Discussions Mean You’ll Hear If Your Price Is Unreasonable, But Not Necessarily That It’s Uncompetitive
February 23, 2015
By: Eric Whytsell
Contractors in the competitive range often enter into discussions with unwarranted expectations. The fact that discussions must be “meaningful” does not mean that an offeror will receive actionable information concerning its price. The recent decision in Theodor Wille Intertrade AG, B-409976.3 (January 22, 2015) reiterates what offerors can – and cannot – reasonably expect to learn about pricing from discussions with the procuring agency.
The case involved the protest of a Defense Logistics Agency (DLA) award of contracts for logistics support services. Theodor Wille Intertrade AG (TWI) argued that DLA failed to conduct meaningful discussions because it did not alert TWI that its overall pricing was significantly higher than that of its competitors. The Government Accountability Office (GAO) disagreed, finding nothing wrong with DLA’s handling of discussions.
Under the solicitation, the total evaluated price comprised the sum of the overall aggregate acquisition ceiling price of Price Evaluation List (PEL) line items, plus certain other items. Prices were evaluated for price reasonableness using accepted price analysis methods, including comparison of offers to each other, market research, and prior procurements. The PELs included the types of supplies that had historically been purchased under predecessor contracts. Offerors were required to submit prices for every item and their aggregate PEL price was "determined by multiplying their ceiling price for each item by its estimated annual quantity and adding the totals for all line items in the PEL for each applicable pricing period."
Based on the wide variety of prices received for individual PEL items, DLA determined that price negotiation was in the best interest of the Government. The resulting price negotiation consisted of the agency identifying unit prices for PEL items that exceeded its maximum objective, then advising each offeror that it should improve its price for that PEL item. Three rounds of price negotiation resulted in reductions in overall PEL pricing, but TWI ultimately had higher prices than the awardees. Upon learning it had not received an award, TWI protested.
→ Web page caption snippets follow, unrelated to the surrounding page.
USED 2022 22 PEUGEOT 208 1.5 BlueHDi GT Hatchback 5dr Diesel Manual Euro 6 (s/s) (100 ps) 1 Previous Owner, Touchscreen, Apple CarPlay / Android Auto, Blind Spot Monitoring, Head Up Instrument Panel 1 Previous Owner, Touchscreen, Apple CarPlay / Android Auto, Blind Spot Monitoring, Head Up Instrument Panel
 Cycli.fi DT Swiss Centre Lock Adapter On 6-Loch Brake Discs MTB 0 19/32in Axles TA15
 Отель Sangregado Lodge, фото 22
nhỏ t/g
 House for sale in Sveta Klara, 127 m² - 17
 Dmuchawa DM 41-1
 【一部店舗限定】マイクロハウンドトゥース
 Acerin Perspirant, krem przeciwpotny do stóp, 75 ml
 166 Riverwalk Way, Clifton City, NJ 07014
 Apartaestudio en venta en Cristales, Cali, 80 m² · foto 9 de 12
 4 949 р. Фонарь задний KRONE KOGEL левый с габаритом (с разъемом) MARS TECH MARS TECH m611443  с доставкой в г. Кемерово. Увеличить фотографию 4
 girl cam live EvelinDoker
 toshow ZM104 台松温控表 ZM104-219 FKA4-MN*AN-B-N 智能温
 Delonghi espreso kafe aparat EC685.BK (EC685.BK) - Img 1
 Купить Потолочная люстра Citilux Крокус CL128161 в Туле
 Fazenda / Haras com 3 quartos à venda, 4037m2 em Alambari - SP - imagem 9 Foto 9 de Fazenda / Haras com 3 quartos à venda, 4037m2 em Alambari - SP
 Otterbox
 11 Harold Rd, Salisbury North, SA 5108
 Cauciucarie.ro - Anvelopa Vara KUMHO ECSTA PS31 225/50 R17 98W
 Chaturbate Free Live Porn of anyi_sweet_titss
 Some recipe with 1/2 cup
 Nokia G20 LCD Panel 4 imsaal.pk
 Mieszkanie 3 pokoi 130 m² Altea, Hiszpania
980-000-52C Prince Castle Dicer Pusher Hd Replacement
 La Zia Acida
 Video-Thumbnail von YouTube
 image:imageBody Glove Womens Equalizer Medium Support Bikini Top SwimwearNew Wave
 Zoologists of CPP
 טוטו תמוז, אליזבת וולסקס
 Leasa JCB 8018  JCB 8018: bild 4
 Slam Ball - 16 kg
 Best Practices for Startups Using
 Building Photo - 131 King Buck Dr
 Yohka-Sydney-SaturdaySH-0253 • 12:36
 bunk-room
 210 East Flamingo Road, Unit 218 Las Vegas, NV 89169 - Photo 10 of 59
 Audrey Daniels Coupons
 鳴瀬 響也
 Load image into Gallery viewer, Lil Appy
Addressing TWI’s challenge to DLA’s discussions, GAO acknowledged that discussions “must be sufficiently detailed so as to lead an offeror into the areas of its proposal requiring amplification or revision in a manner to materially enhance the offeror’s potential for receiving award” and, therefore, “must, at a minimum, address significant weaknesses, deficiencies and adverse past performance information to which the offeror has not yet had an opportunity to respond,” citing FAR 15.306(d)(3). But GAO went on to point out its long-standing position that the decision to inform an offeror during discussions that its price is too high or too low is left to the agency’s discretion. Indeed, under GAO precedent, the agency only needs to discuss price if it finds an offeror’s price to be unreasonable. This is true even where the offeror’s price is significantly higher than the competition’s, as long as it is below the government’s reasonable price estimate.
Here, the GAO found no basis to question the discussions based on DLA’s price evaluation. The record revealed that TWI’s aggregate PEL price was lower than the agency’s relevant maximum objective and, as the result of discussions, was lower than DLA’s maximum objective prices for each of the PEL items. Thus, DLA did not find either TWI’s final prices for individual PEL items or its total PEL pricing to be unreasonable. From the GAO’s perspective, the agency could have, but was not required to, inform TWI that its price was still higher than that of its competitors. Under these circumstances, DLA’s decision not to share that information with TWI did not constitute error.
What’s the take-away? Don’t expect more from discussions concerning price than the agency is required to provide. Also, don’t read too much into the fact that the procuring agency has not told you to “sharpen your pencil” with respect to your pricing. Your price may be entirely reasonable but completely uncompetitive. And, if so, the agency doesn’t have to tell you a thing.
Eric Whytsell is responsible for the contents of this article.